1 Mr Jones’ memorandum appears erroneously to refer to the company, Adava Holdings Pty Ltd, as the “second defendant”. I assume that was an error.
[6] Accordingly, the application by the first defendant company for costs is dismissed.
Application for costs by the second defendant, Mr Avon Cook
[7] Mr Cook has sought indemnity costs of $113,878 plus GST, or alternatively 2B costs plus disbursements of $35,819. In support of the application, Mr Avon has sworn an affidavit dated 14 July 2020, contending that the behaviour from the opposing parties throughout the litigation has been aggressive and uncompromising.
[8] I find that Mr Cook has failed to establish a proper basis for the award of indemnity costs. The threshold in r 14.6 is a high one and it is necessary to establish that the party from whom costs are sought has behaved either badly or very unreasonably.2 Much of the affidavit of Mr Cook contains no evidence relevant to the conduct of the plaintiffs and his complaints about the settlement do not, in my view, justify an award of indemnity costs in his favour.
[9] It is also well established that a claim for indemnity costs must be supported by some evidence and beyond the bare assertion of global figures provided in this case. That of course is required so that the Court can be satisfied as to the actual costs incurred in respect of the proceedings and that those costs were reasonably incurred.3 A “careful review” is required of the Court.4
[10] It is not in dispute that Mr Cook is entitled to costs and on a 2B basis (my having rejected the application for indemnity costs). In relation to the calculation of quantum of scale costs, I accept the submission of Mr McAnally that the correct figure is $24,849 plus disbursements of $320. As Mr McAnally has submitted, Mr Cook has erroneously claimed a daily recovery rate of $2,380 for all steps preceding 1 August 2019, when r 11 of the High Court Amendment Rules 2019 came into effect. This means that the correct recovery rate for all steps with the exception of the plaintiffs’ amended statement of claim, is $2,230.

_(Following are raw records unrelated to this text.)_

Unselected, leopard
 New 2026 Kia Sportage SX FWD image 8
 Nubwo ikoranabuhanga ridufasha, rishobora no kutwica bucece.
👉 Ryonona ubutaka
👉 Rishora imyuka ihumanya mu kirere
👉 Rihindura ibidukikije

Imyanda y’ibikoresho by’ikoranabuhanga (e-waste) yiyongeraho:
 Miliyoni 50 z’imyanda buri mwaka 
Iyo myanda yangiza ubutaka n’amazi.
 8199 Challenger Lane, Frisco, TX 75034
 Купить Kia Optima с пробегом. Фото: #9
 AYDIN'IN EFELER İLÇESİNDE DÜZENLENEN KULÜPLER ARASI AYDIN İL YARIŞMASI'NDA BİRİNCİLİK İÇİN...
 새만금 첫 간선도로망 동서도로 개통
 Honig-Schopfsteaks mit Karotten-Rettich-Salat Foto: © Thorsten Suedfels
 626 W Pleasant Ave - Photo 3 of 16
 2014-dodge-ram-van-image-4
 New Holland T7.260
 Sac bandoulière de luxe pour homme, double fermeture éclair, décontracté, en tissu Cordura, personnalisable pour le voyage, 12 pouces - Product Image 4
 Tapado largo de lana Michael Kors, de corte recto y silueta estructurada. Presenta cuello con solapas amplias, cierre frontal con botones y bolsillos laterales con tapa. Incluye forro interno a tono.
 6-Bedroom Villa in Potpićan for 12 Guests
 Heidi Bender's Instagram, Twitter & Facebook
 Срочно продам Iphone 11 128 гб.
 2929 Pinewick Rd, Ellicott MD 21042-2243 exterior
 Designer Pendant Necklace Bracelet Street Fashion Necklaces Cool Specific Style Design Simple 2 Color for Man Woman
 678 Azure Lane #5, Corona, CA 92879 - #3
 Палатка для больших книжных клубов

2 Bradbury v Westpac Banking Corporation [2009] 3 NZLR 400, (2009) 19 PRNZ 385 (CA) at [27]–[28].
3 Rule 14.6(1)(b) of the High Court Rules.
4 Edel Metals Group Ltd & Anor v Geier Ltd & Ors [2018] NZCA 494 at [62].
[11] I also note that Mr Cook has failed to provide a clear statement as to the relevant GST position. Indemnity costs will include GST if the party receiving the award is not GST registered and thus unable to recover GST, but will exclude GST if the party can recover GST.5
[12] I accept in principle that costs can be awarded on a costs application. However, I reject the application by the plaintiffs for a deduction in this case.
Result
[13] I order that the plaintiffs are to pay costs to the second defendant, Mr Avon Cook, on a 2B basis in the total sum of $24,849 plus disbursements of $320.
Associate Judge P J Andrew
5 New Zealand Venue & Event Management Ltd v Worldwide NZLLC [2016] NZCA 282, (2016) 27 NZTC 22-058 at [13].